Khan was bitten in the right front paw by a king brown snake, the most widespread and largest venomous snake in Australia. Brown snakes are notorious for their savage attacks, but Khan was lucky: He pulled away and ran inside, where he collapsed. After gathering her daughter, Catherine rushed Khan to the hospital, where he was given an antivenin and quickly recovered.

Brown snakes account for about half of Australia’s snake-related deaths, and apparently local hospitals keep plenty of antivenin on hand. (So, no worries, mate!)

Afterward, the Australian media, including the morning talk shows, inundated the Svilicic household with calls, wanting to hear the story firsthand.

It was overwhelming, but Catherine understood why.

“He saved [Charlotte’s] life by risking his own,” she said. Plus, not every altruistic hero is a formerly abused dog. “From now on, he’s Khan the Wonder Dog. Khan’s a star.”

The kicker? The kennel owner, Khan’s breeder, said that Khan’s grandfather once did the same thing.

ALL INDIANA JONES NEEDS IS A DOG
Indiana Jones is one tough archeologist. Nazis? Poison darts? Burning zeppelins? No problem. But snakes? They are the one thing this notorious ophidiophobic can’t stand.

If only Indy would bring along a dog. Stories of dogs protecting people, especially children, from snakes are so common that they might be the most prevalent type of life-saving animal rescue. Perhaps it’s a matter of circumstance, since snakes often live near humans, or perhaps dogs just share Dr. Jones’s feelings on the matter.

In any case, snake stories illustrate, time and again, that dogs will deliberately put themselves in harm’s way to save a person, since when it comes to snakes, dogs often pay a price for their heroism.

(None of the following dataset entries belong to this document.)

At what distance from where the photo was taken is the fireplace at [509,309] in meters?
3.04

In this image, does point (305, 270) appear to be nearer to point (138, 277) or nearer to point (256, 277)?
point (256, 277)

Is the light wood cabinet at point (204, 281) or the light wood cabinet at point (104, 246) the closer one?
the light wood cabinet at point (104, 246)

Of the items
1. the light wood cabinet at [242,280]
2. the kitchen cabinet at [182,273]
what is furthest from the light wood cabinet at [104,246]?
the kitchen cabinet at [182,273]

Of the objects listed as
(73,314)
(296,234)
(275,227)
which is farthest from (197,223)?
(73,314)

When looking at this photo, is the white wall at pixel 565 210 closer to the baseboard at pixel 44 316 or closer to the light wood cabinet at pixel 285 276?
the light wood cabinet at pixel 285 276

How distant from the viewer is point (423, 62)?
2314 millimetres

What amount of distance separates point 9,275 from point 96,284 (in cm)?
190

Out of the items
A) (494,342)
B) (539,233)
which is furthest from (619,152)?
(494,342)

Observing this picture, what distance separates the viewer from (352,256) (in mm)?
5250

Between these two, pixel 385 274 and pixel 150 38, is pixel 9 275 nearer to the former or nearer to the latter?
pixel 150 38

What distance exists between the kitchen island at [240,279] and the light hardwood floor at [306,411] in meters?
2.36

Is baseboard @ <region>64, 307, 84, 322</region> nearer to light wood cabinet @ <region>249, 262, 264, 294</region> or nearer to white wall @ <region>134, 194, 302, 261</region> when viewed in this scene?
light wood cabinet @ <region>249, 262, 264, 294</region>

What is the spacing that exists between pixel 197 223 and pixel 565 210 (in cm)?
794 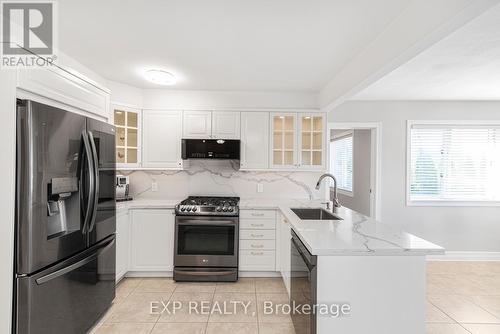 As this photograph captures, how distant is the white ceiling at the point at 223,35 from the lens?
168cm

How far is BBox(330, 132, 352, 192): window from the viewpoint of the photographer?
18.0 feet

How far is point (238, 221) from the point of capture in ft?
10.1

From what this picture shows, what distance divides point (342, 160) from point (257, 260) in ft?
11.9

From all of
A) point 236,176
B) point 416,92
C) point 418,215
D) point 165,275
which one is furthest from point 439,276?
point 165,275

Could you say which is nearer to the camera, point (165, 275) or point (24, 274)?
point (24, 274)

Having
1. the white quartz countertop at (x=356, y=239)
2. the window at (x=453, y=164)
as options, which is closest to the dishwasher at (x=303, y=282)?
the white quartz countertop at (x=356, y=239)

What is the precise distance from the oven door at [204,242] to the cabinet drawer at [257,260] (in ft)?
0.44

Consider this small sampling (in which, by the way, all the dogs survived):

Image In 2003, in Hudson, Florida, Fran Oreto’s seven-year-old golden retriever Brutis saved her two young grandchildren, age two and four, by grabbing a writhing, biting sixteen-inch coral snake in its mouth as the snake slithered in the backyard grass near the kids.

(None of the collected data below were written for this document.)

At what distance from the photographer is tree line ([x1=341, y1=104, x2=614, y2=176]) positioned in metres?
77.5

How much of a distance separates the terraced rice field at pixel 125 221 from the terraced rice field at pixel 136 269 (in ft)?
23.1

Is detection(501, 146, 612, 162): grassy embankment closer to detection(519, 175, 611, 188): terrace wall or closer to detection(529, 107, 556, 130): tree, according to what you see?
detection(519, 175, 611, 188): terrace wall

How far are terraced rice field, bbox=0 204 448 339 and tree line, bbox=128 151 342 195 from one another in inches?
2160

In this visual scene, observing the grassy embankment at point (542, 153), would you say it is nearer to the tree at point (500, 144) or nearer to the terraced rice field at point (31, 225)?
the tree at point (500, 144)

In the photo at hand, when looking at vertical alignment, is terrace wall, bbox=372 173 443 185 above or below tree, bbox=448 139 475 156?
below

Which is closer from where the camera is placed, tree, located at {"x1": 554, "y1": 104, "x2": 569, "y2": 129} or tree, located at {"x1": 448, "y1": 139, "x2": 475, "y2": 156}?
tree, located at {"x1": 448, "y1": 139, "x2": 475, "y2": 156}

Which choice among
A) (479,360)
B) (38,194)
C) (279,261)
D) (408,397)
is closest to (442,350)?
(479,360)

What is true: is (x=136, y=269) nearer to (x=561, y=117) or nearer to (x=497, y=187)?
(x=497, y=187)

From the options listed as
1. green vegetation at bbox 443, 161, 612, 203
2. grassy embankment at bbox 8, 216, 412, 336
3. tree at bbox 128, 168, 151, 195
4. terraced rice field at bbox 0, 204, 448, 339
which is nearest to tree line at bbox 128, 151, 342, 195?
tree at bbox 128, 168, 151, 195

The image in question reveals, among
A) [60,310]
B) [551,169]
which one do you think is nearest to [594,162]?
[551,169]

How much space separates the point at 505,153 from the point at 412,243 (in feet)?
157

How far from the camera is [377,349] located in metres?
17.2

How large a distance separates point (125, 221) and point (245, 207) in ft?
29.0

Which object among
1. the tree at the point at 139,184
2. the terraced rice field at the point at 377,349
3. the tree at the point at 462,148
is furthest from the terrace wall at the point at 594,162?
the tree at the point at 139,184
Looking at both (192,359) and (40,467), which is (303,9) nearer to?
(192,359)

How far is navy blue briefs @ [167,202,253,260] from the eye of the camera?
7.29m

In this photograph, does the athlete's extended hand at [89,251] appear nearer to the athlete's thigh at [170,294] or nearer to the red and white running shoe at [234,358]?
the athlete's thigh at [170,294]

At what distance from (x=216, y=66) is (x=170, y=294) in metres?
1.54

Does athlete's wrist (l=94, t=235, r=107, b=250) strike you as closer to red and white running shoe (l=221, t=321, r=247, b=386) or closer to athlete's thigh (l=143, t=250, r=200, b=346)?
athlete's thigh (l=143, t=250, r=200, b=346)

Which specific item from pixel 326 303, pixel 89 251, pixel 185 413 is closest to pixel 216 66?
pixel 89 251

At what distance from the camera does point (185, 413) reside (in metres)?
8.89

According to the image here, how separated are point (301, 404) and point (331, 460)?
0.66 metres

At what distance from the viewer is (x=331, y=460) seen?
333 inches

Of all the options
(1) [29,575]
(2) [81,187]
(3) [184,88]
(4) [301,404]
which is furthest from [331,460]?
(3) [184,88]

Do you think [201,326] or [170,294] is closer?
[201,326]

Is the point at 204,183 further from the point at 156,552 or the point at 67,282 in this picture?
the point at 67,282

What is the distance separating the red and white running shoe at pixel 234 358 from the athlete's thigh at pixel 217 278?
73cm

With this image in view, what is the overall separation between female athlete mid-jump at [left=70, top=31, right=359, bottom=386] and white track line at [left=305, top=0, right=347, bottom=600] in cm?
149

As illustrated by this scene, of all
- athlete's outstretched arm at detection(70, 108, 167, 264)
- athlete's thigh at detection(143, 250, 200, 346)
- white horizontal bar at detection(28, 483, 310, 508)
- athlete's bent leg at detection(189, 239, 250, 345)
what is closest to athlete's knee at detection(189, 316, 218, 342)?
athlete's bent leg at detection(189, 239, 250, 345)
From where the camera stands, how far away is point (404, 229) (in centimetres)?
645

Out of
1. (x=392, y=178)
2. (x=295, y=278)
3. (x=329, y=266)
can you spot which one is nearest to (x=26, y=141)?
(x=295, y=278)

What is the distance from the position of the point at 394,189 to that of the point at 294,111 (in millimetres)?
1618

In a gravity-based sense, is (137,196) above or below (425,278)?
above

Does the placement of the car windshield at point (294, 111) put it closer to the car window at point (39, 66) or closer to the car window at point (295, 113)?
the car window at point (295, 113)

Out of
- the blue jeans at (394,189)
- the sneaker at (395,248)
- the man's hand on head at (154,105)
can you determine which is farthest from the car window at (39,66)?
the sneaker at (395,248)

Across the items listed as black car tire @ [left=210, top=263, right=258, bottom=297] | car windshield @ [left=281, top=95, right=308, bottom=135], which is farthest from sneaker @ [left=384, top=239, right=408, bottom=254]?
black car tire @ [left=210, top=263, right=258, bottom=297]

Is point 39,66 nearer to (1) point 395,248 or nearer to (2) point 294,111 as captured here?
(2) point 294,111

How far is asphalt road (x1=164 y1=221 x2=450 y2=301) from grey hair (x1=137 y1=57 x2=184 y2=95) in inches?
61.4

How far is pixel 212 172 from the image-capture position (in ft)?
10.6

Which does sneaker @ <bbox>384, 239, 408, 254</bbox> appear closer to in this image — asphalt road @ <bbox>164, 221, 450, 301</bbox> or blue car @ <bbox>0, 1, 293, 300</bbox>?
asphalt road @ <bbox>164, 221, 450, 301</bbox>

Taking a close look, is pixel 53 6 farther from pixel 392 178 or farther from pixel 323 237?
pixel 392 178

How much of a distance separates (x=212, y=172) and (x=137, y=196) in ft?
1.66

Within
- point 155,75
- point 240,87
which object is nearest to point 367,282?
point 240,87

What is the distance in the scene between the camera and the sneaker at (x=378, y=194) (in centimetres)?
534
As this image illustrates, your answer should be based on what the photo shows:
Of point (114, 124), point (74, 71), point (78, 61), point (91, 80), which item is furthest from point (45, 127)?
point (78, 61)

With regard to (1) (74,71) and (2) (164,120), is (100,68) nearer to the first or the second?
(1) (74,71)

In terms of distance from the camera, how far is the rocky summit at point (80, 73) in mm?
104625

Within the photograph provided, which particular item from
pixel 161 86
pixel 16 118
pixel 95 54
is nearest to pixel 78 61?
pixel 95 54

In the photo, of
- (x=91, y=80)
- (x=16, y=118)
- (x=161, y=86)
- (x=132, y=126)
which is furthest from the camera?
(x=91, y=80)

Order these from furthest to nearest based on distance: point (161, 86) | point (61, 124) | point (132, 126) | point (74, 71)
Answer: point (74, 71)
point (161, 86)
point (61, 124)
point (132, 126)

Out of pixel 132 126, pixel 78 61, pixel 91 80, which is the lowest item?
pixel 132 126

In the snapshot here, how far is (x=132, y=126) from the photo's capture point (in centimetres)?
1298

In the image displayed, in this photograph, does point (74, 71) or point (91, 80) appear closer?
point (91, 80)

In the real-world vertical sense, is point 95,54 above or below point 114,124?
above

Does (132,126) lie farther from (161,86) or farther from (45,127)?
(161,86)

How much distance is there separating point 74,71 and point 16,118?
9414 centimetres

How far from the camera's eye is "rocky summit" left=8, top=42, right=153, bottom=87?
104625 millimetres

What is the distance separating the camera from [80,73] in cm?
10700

Image In 2007, in Masonville, Colorado, one-year-old Booker West was saved when the family’s ten-month-old Chihuahua, Zoey, raced around a birdbath and in front of the toddler just as a three-foot rattlesnake struck—biting Zoey in the head instead of Booker.

Image In January 2012, near Ipswich, Australia, two young girls went out their front door to play. One girl saw a brown snake coiled beneath the swingset and yelled, “Snake!” Immediately, their Australian cattle dog, River, emerged from the house, attacking and killing the snake despite the bites she received.

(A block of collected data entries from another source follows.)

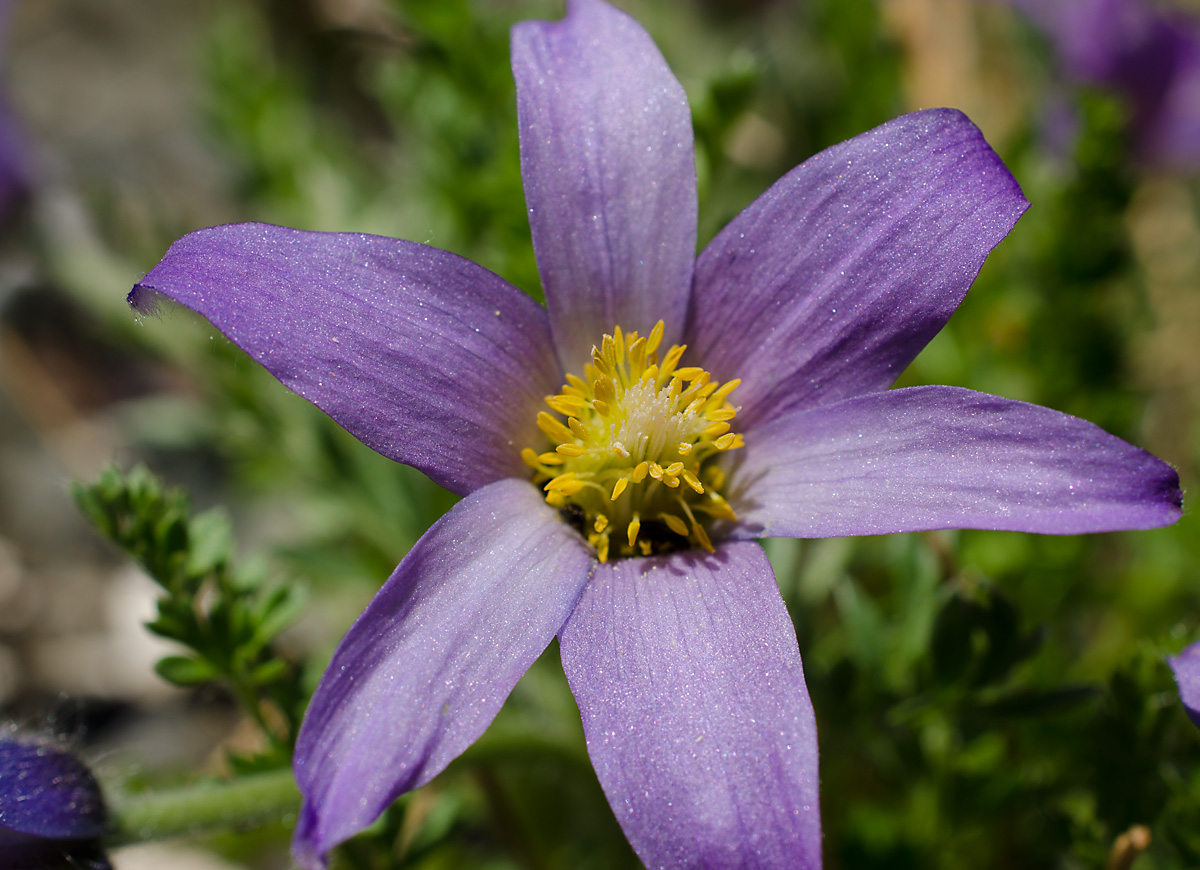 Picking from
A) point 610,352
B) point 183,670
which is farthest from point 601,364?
point 183,670

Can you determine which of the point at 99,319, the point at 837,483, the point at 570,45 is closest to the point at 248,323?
the point at 570,45

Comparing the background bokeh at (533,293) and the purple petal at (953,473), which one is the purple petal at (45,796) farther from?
the purple petal at (953,473)

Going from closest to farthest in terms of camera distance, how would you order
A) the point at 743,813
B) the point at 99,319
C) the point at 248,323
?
1. the point at 743,813
2. the point at 248,323
3. the point at 99,319

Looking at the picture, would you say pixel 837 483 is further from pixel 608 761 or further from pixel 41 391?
pixel 41 391

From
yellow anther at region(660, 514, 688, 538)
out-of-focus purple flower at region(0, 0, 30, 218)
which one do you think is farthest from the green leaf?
out-of-focus purple flower at region(0, 0, 30, 218)

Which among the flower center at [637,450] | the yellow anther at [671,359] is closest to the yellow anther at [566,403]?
the flower center at [637,450]
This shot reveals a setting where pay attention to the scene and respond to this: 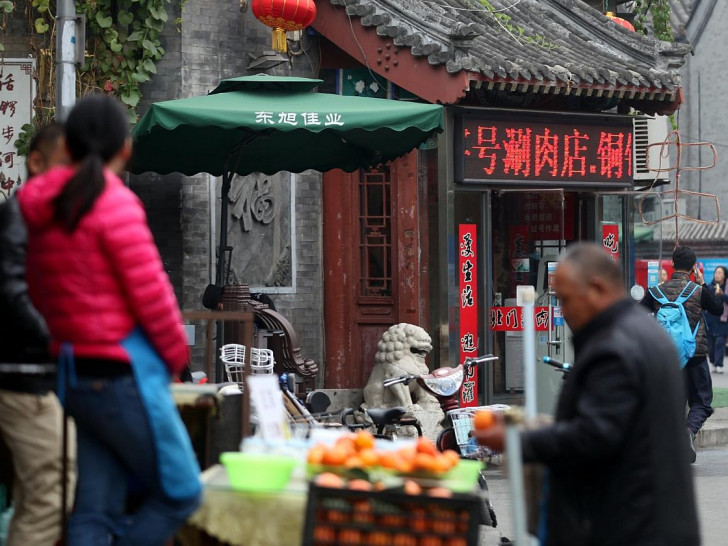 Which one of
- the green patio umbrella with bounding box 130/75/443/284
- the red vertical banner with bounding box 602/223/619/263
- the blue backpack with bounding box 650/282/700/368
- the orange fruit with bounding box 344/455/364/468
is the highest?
the green patio umbrella with bounding box 130/75/443/284

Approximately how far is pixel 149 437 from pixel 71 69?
Result: 4.83 metres

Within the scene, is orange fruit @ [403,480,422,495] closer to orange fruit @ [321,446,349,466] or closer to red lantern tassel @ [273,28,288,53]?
orange fruit @ [321,446,349,466]

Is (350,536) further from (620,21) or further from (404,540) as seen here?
(620,21)

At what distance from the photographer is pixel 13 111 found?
12539mm

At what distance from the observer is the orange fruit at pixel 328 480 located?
459cm

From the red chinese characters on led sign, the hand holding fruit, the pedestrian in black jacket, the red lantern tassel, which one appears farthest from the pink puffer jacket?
the red chinese characters on led sign

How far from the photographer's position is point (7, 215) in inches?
200

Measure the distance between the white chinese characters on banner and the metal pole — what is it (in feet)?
12.5

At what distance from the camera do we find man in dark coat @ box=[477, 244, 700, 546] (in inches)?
161

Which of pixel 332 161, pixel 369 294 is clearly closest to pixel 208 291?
pixel 332 161

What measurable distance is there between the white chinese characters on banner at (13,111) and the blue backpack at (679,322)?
6.06 metres

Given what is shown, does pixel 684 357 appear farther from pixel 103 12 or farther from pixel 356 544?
pixel 356 544

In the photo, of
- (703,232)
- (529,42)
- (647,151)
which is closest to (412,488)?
(529,42)

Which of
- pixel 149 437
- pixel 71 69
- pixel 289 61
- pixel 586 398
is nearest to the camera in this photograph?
pixel 586 398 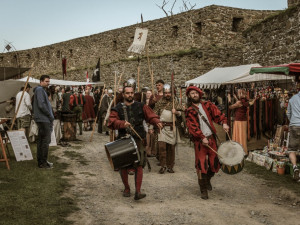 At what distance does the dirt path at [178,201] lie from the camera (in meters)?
4.11

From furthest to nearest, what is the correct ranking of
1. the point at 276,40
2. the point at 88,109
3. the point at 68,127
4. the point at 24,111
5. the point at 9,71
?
the point at 88,109, the point at 276,40, the point at 68,127, the point at 9,71, the point at 24,111

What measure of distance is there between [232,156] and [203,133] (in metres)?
0.57

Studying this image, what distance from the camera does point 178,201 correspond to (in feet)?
16.0

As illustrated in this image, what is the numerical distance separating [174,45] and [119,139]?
50.2 feet

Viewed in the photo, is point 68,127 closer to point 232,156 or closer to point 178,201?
point 178,201

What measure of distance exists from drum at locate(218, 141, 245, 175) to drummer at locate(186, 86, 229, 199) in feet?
0.73

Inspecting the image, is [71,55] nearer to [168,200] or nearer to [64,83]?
[64,83]

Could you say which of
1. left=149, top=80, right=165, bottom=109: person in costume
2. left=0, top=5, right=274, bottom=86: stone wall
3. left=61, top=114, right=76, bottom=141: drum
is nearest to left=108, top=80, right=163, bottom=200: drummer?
left=149, top=80, right=165, bottom=109: person in costume

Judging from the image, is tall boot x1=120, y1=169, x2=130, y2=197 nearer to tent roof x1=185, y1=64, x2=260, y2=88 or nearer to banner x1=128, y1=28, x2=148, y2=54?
banner x1=128, y1=28, x2=148, y2=54

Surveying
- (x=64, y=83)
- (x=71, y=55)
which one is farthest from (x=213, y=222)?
(x=71, y=55)

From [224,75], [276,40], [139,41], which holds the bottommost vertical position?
[224,75]

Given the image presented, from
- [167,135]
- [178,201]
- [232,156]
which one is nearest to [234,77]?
[167,135]

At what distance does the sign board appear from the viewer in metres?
6.96

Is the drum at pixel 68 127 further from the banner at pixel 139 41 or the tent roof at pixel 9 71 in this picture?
the banner at pixel 139 41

Image In June 2013, a husband and wife were hiking in Marin, California, when their thirteen-month-old Anatolian shepherd, Shakira, jumped back and refused to let the wife past. An unseen rattlesnake sat right where the wife was about to step. Wisely, Shakira neither barked nor attacked, allowing the snake to slither away.

Image In August 2013, in Hueco Tanks, Texas, two young sisters were playing in the mud when a hiss and rattle announced an unseen rattlesnake coiling to strike. At that moment, the family’s ten-pound Chihuahua-poodle mix, Psycho, ran in between and took the strike in the face.